Life was good. But then something happened – Big Data happened! It completely changed how the merchant and the customer would interact. Forever.

Cut to the digital era, the customers and the merchant have now started interacting in a dynamic setting where nothing is frozen anymore. There is no so called ‘performance period’. The customers are free to navigate the merchant website any which way they fancy. Also, the merchant can display content and place offers dynamically based on how a given customer interacts with his website. To make matters more complicated purchase decisions are not necessarily made on the first visit itself. Internet savvy customers now have all the information at their fingertips to land themselves the best deal. They typically go through the AIDA (Attention-Interest-Desire-Action) journey when contemplating a purchase. In this scenario, the customer’s site navigation on the day of the purchase is mere execution of a decision that has been made even before the customer lands on the site – the customer has been on the site before; the customer is aware of what is on offer; the customer knows exactly how to get to the page on the site where they can choose the product they desire. In fact, the pages visited on the day of the purchase are often not causal to the purchase, just simply correlated.

So why am I subjecting you to this drivel?

The point I am trying to simply make is that in the new world the focus has dramatically shifted from prediction to classification. The selling and buying is now all happening in a real-time environment where the two players are interacting with each other, and repeatedly. The merchant has the leverage to influence the customer’s behavior through customized offers based on behavioral segmentation and contextual targeting. In essence, the dependent variable here is really immaterial. All the merchant wants to understand is ‘who the customer’ is and that will determine what offer to place. On a more technical note, since the customers are now visiting the merchant’s site several times the independence of each record ceases to exist – a mortal blow to the much beloved logistic regression. And then fall Caesar? Enter Machine Learning.

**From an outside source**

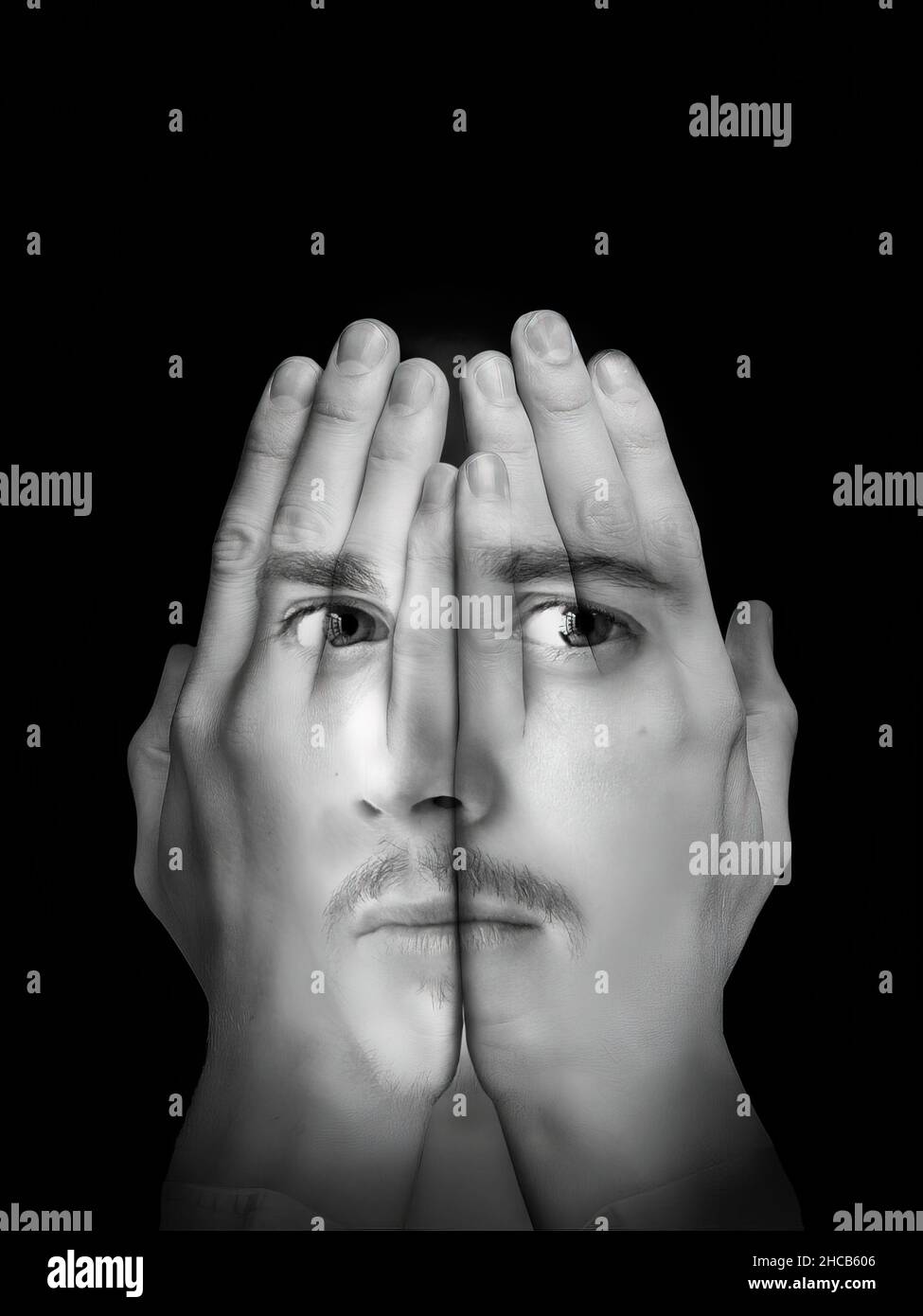 Fotomontage des Gesichts eines hübschen jungen Mannes mit einem Schnurrbart auf einem Paar ausgestreckter Hände. Schwarzweiß-Fotografie. Stockfoto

All of a sudden the whole world of analytics is now talking about Support Vector Machines, Random Forests, Bagged Regressions et al. – everything is about classification; everything is about adaptively learning and self-evolving algorithms that augment the understanding of the customer with every successive digital footprint.

This makes sense. This is all good. But let us spare a moment to think what this has entailed for the analytics job market.

Now we have a clear demarcation of the “Predictive Modelers” and the “Data Scientists”. The former have been kind of relegated to traditional banking, insurance, telecom companies where static scores and optimization based solutions are still pursued (but not sure for how much longer!). The latter define the sought after (just like we were eons ago) whiz-kids ruling the roost at the cool tech companies, and presumably changing the world. This paradigm shift has drastically changed the ‘skills’ requirement in job descriptions: when screening candidates employers are now specifically looking for ‘Python, R and machine learning’, as against ‘SAS, regression, optimization’ in the days of yore. The seriousness of their intent is cemented by the fact that they are willing to dish out startling salaries (typically, 40% or higher than econometricians with comparable levels of education and experience) for the new age skills. Believe you me, the employers are not kidding around – if you got the chops, they will pay. What I find most amazing in the current context is the fact that the ‘gold standard’ of analytic excellence, as far as perception goes, has now become much smaller companies – the new-age cool tech startups. Nobody pays much attention anymore if you have a behemoth like Bank of America or a Chase or an Oracle or even a McKinsey on your resume.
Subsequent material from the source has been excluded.